Çocuğa verilen eğitim,
sonraki hayatında büyük ölçüde etkili olmaktadır. İlk eğitimler, insan ruhunda
derin ve hatta beyninden sökülüp atılmayacak kadar tesirli izler bırakmaktadır.
Dua eğitimi de bu eğitimlerden biridir.
İnsan için fıtri bir
kaynak olan dua, çocuğun iç ve dış dünyasında ona farklı bakış açıları
kazandırmaktadır. İnsanın özünde bulunan bu dua yeteneği, eğitimcilerin
desteğine muhtaç olan bir gelişim potansiyeline sahiptir. Çocuklar, mümkün
olduğu kadar erken yaşta, en basit cümlelerle başlayarak, içlerinden geldiği
gibi dua edebilmeyi öğrenmelidir. İşte bu noktada aile ve eğitimcilerin,
çocukları doğru yönlendirmesi, onlara doğru dua etme alışkanlığını
kazandırmaları ve dua ile birçok sıkıntının üstesinden gelebileceklerini
öğretmeleri çocukların dini gelişimleri açısından büyük önem arz etmektedir.
Dua etmek, çocuğun dini
bilincini besler ve onu din eğitimine hazır hale getirir. Dua eden çocukta,
Allah inancı ve dine dair soyut kavramlar belirmeye başlar. Dua esnasında geçen
dini kelime ve kavramların anlamını merak edecek ve çevresine soracaktır.

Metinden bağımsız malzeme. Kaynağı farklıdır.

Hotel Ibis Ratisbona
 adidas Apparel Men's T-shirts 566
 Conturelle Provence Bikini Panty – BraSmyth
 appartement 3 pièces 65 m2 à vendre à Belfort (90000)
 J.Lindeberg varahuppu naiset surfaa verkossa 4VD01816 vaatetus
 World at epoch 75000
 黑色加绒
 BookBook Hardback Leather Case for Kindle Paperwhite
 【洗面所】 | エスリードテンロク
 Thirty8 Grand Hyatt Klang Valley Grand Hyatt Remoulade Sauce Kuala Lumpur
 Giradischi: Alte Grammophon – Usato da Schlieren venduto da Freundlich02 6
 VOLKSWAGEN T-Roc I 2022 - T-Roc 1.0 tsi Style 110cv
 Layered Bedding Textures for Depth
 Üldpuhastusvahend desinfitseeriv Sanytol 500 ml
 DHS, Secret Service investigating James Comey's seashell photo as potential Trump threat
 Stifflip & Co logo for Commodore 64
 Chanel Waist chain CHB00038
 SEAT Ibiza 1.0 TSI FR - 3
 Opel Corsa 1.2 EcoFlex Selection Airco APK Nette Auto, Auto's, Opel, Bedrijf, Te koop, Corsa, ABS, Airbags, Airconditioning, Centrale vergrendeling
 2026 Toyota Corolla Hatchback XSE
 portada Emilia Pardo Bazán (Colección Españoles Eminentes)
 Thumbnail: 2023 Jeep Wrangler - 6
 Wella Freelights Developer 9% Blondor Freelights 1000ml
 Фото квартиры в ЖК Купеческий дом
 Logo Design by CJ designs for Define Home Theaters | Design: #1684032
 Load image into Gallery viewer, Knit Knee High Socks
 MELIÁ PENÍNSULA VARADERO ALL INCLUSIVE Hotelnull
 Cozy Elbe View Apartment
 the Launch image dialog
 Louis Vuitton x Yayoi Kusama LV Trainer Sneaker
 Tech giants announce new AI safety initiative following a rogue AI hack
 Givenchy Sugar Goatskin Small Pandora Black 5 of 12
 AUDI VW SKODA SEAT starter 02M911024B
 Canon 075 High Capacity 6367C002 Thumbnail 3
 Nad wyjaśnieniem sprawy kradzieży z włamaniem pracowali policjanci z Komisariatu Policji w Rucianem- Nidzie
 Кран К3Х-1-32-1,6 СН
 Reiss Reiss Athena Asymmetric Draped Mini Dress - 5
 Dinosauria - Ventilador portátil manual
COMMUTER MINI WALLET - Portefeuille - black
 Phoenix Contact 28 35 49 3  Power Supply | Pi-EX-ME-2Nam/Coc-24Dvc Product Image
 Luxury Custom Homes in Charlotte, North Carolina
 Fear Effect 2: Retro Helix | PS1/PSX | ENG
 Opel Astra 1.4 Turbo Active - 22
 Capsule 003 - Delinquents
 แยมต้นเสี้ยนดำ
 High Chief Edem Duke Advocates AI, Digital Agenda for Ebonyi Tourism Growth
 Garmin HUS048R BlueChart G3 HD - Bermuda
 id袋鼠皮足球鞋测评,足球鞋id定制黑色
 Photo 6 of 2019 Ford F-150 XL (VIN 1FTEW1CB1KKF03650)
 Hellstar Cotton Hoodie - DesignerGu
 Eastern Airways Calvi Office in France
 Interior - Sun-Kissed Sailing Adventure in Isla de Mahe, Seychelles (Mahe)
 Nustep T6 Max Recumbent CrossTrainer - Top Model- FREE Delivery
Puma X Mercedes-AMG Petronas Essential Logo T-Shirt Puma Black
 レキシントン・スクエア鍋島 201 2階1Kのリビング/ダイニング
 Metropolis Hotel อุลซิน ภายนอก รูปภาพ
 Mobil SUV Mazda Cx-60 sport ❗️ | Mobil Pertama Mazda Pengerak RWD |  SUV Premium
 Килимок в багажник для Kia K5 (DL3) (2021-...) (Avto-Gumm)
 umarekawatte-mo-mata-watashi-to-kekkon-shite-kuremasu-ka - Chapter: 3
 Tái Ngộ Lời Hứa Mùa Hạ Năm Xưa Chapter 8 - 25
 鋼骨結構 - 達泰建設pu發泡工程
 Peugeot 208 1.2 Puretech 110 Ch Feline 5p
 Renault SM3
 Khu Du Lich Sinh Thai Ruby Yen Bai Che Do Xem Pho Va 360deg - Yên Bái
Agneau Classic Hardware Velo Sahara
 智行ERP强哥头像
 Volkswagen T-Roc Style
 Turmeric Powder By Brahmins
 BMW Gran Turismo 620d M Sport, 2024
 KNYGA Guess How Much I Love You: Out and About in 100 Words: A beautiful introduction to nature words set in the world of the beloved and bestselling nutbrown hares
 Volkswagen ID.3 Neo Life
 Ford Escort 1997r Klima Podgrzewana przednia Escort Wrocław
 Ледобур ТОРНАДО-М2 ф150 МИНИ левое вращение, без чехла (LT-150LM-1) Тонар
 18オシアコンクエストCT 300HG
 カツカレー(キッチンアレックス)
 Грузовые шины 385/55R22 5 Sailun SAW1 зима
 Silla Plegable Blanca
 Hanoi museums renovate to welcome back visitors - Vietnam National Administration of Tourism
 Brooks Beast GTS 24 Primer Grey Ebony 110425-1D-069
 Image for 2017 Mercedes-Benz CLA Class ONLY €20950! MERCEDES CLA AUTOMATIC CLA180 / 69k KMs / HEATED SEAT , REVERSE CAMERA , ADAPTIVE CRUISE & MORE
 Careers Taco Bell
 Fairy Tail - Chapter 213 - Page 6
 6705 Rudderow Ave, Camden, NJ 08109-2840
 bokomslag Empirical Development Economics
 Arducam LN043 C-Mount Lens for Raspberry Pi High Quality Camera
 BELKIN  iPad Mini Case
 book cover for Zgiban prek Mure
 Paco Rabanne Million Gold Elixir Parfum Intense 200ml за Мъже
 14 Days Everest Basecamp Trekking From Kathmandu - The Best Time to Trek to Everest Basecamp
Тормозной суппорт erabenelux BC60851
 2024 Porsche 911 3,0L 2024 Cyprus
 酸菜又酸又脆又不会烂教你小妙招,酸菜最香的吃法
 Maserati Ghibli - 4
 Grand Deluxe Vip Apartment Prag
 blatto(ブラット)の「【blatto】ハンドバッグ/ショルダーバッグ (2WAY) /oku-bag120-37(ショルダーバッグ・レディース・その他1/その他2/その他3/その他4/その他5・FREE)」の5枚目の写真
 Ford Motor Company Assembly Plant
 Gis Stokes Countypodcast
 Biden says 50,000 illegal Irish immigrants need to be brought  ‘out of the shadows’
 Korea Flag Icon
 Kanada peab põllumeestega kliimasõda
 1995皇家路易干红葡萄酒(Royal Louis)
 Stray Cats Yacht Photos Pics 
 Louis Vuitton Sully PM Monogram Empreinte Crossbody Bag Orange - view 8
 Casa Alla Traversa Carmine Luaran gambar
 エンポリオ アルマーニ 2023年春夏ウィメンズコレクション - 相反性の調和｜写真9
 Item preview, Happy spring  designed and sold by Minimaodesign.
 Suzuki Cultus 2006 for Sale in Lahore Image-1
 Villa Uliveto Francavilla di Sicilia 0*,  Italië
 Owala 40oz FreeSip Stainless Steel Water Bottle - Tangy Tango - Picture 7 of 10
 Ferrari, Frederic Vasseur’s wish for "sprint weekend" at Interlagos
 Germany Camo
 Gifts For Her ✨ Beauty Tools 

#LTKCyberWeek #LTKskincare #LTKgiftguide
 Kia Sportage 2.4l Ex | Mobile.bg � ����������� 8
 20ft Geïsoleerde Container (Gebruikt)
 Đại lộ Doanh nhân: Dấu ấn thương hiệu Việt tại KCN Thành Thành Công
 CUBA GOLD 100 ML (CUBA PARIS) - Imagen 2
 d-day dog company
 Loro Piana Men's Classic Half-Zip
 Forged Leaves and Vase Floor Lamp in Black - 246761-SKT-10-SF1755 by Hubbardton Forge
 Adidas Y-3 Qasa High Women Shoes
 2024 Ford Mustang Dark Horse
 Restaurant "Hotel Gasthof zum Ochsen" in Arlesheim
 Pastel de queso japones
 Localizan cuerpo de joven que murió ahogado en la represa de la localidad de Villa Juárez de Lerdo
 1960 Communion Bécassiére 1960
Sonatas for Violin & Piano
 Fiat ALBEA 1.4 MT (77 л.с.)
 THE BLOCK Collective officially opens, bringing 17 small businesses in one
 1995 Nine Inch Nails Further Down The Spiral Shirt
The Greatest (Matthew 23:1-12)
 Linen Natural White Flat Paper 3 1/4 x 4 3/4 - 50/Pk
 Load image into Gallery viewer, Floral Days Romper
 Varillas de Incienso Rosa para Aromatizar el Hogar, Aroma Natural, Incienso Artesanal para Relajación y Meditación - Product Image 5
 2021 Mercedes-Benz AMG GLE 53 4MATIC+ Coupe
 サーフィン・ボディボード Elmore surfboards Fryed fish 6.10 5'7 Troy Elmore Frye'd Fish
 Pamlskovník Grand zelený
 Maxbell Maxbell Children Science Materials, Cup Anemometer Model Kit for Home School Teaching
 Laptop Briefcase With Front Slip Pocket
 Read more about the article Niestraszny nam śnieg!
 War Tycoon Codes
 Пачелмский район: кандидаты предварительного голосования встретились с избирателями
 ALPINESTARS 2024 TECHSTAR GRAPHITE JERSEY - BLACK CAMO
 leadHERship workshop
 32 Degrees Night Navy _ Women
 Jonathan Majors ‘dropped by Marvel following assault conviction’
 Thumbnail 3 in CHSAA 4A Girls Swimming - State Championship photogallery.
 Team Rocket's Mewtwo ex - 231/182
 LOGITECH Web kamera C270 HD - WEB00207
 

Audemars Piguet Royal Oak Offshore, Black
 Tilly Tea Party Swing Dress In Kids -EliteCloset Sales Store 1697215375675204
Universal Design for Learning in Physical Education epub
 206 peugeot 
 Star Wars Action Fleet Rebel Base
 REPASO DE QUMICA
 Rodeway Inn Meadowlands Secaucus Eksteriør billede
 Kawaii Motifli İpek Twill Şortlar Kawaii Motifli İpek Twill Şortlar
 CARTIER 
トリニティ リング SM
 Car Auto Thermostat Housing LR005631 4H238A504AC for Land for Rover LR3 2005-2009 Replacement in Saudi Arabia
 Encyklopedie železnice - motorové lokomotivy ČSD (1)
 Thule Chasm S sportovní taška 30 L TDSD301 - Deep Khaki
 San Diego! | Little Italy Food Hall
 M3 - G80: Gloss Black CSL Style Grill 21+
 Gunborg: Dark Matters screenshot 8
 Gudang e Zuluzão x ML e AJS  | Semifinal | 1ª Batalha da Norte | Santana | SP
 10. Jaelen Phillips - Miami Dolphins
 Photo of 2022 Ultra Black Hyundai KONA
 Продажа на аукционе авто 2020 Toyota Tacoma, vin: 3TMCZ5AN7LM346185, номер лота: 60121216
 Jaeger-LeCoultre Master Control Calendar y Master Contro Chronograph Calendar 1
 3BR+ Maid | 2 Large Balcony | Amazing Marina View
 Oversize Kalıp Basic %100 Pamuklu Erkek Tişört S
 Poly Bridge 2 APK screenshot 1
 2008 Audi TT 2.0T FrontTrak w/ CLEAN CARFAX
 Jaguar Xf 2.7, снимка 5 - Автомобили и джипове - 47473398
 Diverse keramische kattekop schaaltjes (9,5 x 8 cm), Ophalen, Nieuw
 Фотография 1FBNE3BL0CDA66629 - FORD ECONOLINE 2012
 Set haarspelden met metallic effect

Alacağı cevaplar çocuğu tatmin ederse, bu onun din eğitimine büyük gelişmeler
sağlayacaktır. Ancak, yine de dua anında kullanılan kelimeler, çocuğun
anlayacağı yalınlıkta olmalıdır.
Çocuk eğitimi dua ile
başlar. Peygamberimiz, bir çocuk ile konuştuğunda veya bir çocuk ile
karşılaştığı zaman ona dua eder ve duanın güzelliğinde bir hayatın üzerinde
duruyordu. Bu durum, bizler için de bir örnektir.
Dua
eğitiminin vazgeçilmez temel şartı Allah'a imandır. Çocuklara ezberletilen
çeşitli dualar onların Allah’a yaklaşımını sağlayacaktır. İnanmanın temelini
sağlam atmak ve çocukta dini kavramları oluşturmak açısından dua çok önemli bir
yer tutar.
Çocuklar
mümkün olduğu kadar erken yaşta, en basit cümlelerle başlayarak, içlerinden
geldiği gibi dua edebilmeyi öğrenmelidir. Dua öğretiminde asıl olan; kişiyi
Allah’la buluşturmaktır. Çocuklarımıza öncelikle dua okumayı değil dua etmesini
öğretmemiz gerekir. Zaten yapılan araştırmalarda çocukların birçoğu duayı “Dua,
Allah’la konuşmak demektir. Allah’tan bir şey istendiği zaman dua edilir”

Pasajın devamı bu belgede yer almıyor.